Office Hours: Please come see me as the course goes along when questions arise or when you have trouble with the homework.
My "official" office hours are at 0900 on M, W, F. However, please feel free to drop by whenever you like.
Tutors: Sometimes it helps to have the same thing explained by someone else in different words. Physics majors volunteer their time several hours a week to act as tutors. The tutor schedules will be posted in a week or two. Make use of this valuable resource. But come see me, too.
UIUC web resources: The University of Illionois at Urbana-Champaign has long been a leader in the development of computer technology and in using that technology for educational purposes. The Physics Department at UIUC has been on the very cutting edge of educational technology for many, many years. You may simply enjoy browsing around their web site.
Their break in courses is somewhat different than ours.

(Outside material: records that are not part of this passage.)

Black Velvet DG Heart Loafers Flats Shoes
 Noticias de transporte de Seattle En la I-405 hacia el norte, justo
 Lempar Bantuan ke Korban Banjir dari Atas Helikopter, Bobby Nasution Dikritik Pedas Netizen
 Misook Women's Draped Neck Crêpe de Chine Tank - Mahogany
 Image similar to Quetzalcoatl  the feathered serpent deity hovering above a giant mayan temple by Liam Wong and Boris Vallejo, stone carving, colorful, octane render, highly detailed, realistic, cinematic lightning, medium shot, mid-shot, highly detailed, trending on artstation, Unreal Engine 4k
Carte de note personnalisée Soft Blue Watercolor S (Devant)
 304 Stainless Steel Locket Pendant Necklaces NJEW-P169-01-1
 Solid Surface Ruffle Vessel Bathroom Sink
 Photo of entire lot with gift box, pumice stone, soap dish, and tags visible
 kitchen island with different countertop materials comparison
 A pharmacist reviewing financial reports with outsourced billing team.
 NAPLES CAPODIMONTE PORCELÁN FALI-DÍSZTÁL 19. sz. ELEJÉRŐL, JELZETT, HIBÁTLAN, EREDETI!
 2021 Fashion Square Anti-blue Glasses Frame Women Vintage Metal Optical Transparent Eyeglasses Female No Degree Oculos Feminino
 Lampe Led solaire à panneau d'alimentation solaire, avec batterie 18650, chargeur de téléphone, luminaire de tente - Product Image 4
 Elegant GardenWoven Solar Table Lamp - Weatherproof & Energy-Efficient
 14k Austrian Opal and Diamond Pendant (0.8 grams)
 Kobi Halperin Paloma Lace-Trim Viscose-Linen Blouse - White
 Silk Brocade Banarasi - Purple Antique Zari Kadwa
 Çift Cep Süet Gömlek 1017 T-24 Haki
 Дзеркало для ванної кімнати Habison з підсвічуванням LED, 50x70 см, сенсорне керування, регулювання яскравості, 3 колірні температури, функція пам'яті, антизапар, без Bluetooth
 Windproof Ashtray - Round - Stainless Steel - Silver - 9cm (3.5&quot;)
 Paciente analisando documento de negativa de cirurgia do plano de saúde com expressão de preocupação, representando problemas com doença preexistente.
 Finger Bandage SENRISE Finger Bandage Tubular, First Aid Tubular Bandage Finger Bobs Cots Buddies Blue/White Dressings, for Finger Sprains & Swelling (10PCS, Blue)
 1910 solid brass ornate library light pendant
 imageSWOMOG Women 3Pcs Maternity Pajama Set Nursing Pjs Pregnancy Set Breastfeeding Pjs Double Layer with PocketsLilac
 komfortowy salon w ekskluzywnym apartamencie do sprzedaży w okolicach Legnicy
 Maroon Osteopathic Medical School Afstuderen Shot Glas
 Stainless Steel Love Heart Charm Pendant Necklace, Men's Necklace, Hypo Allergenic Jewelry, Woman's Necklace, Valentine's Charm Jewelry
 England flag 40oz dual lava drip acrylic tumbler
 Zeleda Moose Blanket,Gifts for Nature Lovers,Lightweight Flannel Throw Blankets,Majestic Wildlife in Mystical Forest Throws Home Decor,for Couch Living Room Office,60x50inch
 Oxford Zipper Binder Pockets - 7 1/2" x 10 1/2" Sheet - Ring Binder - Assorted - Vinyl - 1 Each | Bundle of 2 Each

Our PHY1351/1352 covers Mechanics; this is comparable to UIUC's phys111. You can find more information about that at
http://webug.physics.uiuc.edu/courses/phys113/spring01/
Our PHY1361/1362 covers Heat and Thermodynamics and Electricity and Magnetism. UIUC's Physics Department covers this in two courses. You can find out about Heat and Thermodynamics at
http://webug.physics.uiuc.edu/courses/phys113/spring01/
They cover Electricity and Magnetism in their phys112; you can find that at
http://webug.physics.uiuc.edu/courses/phys112/spring01/
UIUC's Tycho for additional homework problems: Perhaps one of the most useful things for you will be Tycho, their online homework program. Tycho will ask a homework question and then try to evaluate your answer. If you have trouble, Tycho will give you "hints" along the way. Tycho is very useful. Look at Tycho for additional homework problems. Working additional homework problems -- from any source -- is always a good idea. You will need a sign-in and password to use Tycho. As a sign-in, use guest/phyug . As a password, use guest . As motivation, I will try to use one or more homework questions from Tycho on each hour exam and the final. |
for Heat and Thermodynamics; http://webug.physics.uiuc.edu/courses/phys113/spring01/homework/
for Electricity and Magnetism; http://webug.physics.uiuc.edu/courses/phys112/spring01/homework/
I am in the process of adding some QuickTime movies to my web site. These will be indicated with this QuickTime logo in the corner of a still image. When you click on that image a QuickTime movie will be downloaded and will play. For this to work, your computer must have the QuickTime plug-in installed in your web browser. If you use a computer on campus the connections are fast enough that the QuickTime download should not take very long. If you do this from home, the download time may be long. Please give me feedback concerning this. I need to know if you are using a computer on campus which does not yet have the QT plug-in. I need to know what you think of the QT movies. |
COPYING someone else's ideas or creative talents is called plagiarism. Presidential candidates have had careers ruined because of plagiarism. Pulitzer prizes have been taken back because of plagiarism. Students have been expelled because of plagiarism. Unauthorized copying of computer programs is also called theft. We have licenses for all the software you will encounter in this course. University policy is that you should not illegally copy computer software. I expect you to abide by that.